[Dataset records]
====================

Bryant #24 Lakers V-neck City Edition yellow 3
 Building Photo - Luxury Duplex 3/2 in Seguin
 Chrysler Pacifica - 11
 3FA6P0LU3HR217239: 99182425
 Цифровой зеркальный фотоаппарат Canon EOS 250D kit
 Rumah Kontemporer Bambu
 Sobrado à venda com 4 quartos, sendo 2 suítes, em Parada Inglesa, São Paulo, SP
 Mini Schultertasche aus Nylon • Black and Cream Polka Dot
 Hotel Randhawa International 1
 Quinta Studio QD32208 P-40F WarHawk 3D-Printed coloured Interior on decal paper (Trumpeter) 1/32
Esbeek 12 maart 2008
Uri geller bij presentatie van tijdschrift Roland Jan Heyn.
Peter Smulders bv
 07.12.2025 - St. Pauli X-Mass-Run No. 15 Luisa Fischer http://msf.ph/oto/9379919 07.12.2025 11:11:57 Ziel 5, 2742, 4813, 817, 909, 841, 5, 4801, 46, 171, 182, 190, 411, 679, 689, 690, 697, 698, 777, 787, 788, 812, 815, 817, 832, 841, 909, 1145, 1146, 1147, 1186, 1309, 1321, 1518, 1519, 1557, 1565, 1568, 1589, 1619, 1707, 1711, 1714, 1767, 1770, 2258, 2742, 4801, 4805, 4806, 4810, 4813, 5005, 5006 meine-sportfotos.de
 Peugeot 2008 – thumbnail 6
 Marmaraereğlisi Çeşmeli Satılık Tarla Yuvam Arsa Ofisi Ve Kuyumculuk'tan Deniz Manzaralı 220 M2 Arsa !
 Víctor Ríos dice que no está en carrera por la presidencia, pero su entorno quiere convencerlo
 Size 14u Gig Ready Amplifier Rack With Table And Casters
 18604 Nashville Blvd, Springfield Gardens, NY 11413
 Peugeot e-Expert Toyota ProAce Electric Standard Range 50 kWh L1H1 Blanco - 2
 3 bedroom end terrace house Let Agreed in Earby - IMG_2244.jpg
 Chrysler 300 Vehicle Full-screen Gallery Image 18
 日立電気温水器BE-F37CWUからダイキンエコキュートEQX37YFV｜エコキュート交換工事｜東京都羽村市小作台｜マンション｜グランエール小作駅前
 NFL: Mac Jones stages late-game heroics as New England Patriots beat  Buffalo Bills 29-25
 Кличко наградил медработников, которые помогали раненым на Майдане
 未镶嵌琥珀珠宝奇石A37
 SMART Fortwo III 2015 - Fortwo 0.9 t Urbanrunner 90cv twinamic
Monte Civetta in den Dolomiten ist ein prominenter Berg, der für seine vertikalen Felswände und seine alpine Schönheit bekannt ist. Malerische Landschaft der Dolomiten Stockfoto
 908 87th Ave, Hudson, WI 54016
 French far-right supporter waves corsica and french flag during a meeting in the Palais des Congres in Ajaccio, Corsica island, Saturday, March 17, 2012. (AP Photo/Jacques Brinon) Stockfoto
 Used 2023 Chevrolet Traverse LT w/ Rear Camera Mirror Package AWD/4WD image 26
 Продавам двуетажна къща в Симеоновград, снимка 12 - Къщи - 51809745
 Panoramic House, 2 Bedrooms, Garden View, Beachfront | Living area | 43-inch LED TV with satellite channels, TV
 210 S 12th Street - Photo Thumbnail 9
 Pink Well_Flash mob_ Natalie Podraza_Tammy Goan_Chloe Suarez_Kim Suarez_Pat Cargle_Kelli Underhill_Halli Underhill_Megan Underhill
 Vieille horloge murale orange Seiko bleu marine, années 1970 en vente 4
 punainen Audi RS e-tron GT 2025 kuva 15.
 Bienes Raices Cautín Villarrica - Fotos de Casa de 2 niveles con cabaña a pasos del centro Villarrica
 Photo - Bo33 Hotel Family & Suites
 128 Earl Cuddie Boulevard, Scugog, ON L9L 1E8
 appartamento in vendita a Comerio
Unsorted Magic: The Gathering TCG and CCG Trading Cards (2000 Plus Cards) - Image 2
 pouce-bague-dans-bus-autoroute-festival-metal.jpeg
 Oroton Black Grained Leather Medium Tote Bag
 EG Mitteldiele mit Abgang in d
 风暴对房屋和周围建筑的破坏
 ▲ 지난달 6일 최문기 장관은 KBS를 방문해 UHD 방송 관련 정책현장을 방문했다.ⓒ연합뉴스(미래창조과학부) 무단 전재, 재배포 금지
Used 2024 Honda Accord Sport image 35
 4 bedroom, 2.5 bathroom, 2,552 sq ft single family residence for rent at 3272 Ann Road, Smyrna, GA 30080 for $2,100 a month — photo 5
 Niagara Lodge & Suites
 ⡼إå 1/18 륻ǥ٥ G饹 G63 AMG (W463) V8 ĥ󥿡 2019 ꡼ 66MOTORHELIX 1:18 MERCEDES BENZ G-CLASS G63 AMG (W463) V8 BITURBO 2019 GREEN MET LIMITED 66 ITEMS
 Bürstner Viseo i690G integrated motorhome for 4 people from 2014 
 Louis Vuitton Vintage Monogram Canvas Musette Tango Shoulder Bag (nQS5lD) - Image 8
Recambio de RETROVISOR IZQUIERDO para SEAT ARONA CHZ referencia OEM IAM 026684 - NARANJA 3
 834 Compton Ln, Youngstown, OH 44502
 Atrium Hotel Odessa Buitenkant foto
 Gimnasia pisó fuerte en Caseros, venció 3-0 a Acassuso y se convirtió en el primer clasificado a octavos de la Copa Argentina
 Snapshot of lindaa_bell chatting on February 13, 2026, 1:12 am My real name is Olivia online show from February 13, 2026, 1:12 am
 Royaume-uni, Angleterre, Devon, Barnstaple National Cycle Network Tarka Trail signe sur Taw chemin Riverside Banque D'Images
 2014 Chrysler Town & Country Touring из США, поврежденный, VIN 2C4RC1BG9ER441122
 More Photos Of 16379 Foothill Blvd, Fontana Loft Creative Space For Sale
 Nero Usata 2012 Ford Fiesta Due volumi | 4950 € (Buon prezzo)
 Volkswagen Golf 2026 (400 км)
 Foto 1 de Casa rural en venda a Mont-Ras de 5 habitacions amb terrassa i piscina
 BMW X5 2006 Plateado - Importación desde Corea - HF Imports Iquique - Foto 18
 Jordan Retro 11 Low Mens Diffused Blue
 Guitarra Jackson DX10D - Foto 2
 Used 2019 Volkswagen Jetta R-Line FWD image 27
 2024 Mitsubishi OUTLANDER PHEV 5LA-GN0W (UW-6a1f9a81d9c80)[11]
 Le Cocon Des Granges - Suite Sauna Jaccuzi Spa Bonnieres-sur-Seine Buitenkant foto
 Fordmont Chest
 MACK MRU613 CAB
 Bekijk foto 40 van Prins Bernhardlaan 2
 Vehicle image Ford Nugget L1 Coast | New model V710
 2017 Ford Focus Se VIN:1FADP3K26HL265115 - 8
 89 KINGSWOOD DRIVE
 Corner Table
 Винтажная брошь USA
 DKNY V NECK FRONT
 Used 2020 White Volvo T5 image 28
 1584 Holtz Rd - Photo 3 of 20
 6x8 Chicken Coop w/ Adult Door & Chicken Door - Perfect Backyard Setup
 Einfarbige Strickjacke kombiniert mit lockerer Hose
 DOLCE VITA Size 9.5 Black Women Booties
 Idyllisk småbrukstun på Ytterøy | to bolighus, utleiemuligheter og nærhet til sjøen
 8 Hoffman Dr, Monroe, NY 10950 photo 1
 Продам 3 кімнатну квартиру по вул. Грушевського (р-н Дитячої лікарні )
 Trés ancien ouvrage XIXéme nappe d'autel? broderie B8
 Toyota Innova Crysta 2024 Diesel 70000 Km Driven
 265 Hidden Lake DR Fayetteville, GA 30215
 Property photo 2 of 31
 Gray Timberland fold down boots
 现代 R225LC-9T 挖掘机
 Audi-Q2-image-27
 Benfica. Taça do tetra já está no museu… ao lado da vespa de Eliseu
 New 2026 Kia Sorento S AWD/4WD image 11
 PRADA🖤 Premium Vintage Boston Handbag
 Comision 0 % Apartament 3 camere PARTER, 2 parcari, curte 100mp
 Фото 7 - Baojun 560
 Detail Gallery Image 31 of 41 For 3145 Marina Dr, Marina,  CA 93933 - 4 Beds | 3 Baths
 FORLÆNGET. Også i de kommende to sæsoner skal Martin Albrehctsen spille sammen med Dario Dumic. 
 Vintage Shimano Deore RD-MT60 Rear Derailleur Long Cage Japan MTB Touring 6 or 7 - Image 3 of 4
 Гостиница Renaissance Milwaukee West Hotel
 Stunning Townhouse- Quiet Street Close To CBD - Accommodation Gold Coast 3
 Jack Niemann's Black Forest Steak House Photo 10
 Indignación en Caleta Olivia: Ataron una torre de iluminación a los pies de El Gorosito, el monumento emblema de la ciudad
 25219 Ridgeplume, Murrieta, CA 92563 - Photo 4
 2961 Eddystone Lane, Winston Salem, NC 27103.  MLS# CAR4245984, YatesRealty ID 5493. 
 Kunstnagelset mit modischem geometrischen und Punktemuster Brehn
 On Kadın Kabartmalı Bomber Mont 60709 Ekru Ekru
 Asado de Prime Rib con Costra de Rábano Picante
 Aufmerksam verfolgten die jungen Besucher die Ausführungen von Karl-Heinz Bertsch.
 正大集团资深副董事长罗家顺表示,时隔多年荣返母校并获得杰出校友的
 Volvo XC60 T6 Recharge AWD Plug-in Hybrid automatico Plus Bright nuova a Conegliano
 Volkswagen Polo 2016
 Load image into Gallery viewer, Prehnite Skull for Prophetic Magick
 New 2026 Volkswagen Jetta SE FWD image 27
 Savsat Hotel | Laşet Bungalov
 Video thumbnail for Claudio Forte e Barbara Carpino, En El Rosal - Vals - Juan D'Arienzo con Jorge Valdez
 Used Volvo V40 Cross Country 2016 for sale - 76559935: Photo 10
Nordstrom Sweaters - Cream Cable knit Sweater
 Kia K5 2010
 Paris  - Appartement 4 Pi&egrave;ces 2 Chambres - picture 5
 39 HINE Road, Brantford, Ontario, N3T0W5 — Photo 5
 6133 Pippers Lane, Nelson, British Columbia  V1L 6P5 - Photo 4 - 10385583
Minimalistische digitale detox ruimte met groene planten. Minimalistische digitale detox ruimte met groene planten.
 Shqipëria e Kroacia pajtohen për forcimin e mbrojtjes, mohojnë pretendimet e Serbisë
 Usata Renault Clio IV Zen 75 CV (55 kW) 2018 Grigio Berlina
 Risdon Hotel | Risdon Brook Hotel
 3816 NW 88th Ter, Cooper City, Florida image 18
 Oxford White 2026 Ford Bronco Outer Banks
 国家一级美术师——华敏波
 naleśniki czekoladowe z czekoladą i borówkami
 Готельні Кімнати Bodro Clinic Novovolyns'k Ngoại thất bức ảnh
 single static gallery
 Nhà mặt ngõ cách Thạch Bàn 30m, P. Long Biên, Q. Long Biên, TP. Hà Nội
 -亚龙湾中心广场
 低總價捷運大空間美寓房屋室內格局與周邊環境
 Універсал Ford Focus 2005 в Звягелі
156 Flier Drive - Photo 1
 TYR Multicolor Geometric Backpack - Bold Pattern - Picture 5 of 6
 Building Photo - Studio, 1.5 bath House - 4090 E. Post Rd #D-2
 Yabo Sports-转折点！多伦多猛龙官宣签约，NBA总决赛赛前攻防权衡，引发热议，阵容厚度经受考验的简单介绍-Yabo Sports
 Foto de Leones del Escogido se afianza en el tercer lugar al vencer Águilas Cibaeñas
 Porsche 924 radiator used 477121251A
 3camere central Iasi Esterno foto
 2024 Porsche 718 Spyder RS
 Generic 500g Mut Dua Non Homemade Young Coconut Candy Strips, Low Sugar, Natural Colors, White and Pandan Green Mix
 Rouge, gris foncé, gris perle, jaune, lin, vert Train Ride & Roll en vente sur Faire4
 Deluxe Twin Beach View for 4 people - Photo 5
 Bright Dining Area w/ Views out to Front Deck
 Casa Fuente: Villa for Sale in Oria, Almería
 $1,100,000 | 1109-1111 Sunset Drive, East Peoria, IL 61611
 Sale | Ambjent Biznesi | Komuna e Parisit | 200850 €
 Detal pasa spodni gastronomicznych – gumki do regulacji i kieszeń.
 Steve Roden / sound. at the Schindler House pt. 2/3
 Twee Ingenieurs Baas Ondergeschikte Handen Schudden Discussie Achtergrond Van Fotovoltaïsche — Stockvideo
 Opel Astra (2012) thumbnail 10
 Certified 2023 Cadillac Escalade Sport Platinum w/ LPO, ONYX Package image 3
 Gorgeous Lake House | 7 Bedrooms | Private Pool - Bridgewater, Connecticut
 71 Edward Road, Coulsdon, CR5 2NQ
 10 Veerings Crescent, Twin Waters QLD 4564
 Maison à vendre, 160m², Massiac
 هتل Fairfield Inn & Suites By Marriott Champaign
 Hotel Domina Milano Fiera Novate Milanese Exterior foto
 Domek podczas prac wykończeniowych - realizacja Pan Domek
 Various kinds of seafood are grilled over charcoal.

====================

- _What you should do_
Print from the line containing "Certified 2023 Cadillac" to the last line above, exactly as written.

- _Answer to the exercise_
 Certified 2023 Cadillac Escalade Sport Platinum w/ LPO, ONYX Package image 3
 Gorgeous Lake House | 7 Bedrooms | Private Pool - Bridgewater, Connecticut
 71 Edward Road, Coulsdon, CR5 2NQ
 10 Veerings Crescent, Twin Waters QLD 4564
 Maison à vendre, 160m², Massiac
 هتل Fairfield Inn & Suites By Marriott Champaign
 Hotel Domina Milano Fiera Novate Milanese Exterior foto
 Domek podczas prac wykończeniowych - realizacja Pan Domek
 Various kinds of seafood are grilled over charcoal.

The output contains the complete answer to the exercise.